New sculpture near Strip pays tribute to the Rat Pack


Yasmina Chavez

A 15-foot-tall, spiraling public art sculpture called “Spin Baby” by artist Wayne Littlejohn is unveiled at the intersection of Sammy Davis Jr., Frank Sinatra and Dean Martin Drives Monday, Nov. 25, 2019.

Published Mon, Nov 25, 2019 (3:30 p.m.)

Updated Mon, Nov 25, 2019 (6:45 p.m.)

A new sculpture behind the Strip pays tribute to old Las Vegas and the entertainers who helped put Las Vegas on the map.

Spin Baby is the creation of longtime Las Vegas artist Wayne Littlejohn.
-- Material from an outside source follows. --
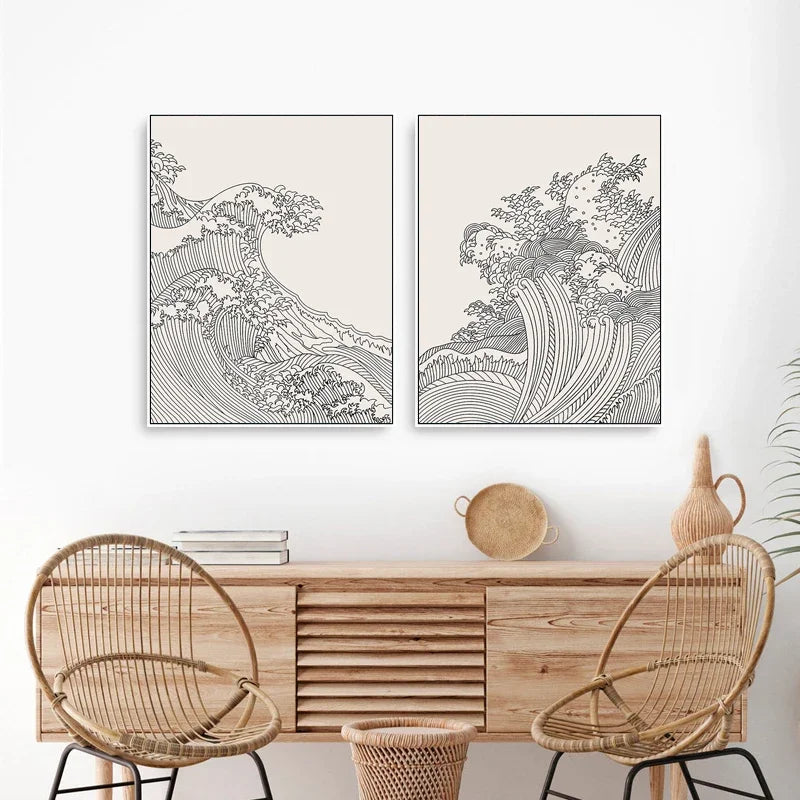 Vintage Minimalist Japanese Abstract Wall Art Fine Art Canvas Prints Black White Pictures For Living Room Bedroom Dining Room Classic Art For Contemporary Interiors 2025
It commemorates the Rat Pack — whose prominent members included Frank Sinatra, Dean Martin, Sammy Davis Jr., Peter Lawford and Joey Bishop, who spent much of their time entertaining in Las Vegas.

The stainless steel vintage microphone enveloped in a smoke-like swirl evokes imagery of the Las Vegas lounges and clubs from the 1950s and 60s.

“I had a feeling I was trying to capture,” he said. “I was trying to get the aura of midcentury Las Vegas but still be modern with it.”

One of the steel smoke plumes angled at the top of the microphone is meant to look like a tipped fedora, Littlejohn said.

“It’s a nod to Humphery Bogart, the original leader of the Rat Pack,” he said.

The $200,000 project is part of the Clark County Arts Plan and was funded through hotel room and ad valorem taxes.

Littlejohn said he plans to install lights in the sculpture that will illuminate as cars drive by at night to represent the way the Rat Pack would gallivant along the Strip until the sun came up.

The sculpture’s location — at the intersection of Frank Sinatra, Dean Martin and Sammy Davis Jr. drives — was important to Littlejohn, who considers himself a “site-specific artist.”

Clark County Commissioner Tick Segerblom said some 20,000 vehicles a day pass the site and “that will continue to grow with tourism and the opening of Allegiant Stadium and properties such as Resorts World.” He said the sculpture further grows “a collection of locally created, world-class art in Las Vegas.”

“We’ve always been the type of place where every 10 years we change,” Segerblom said. “Now I think we’ve arrived in a place culturally where we can start to respect where we are and focus on the benefits local artists bring to us.”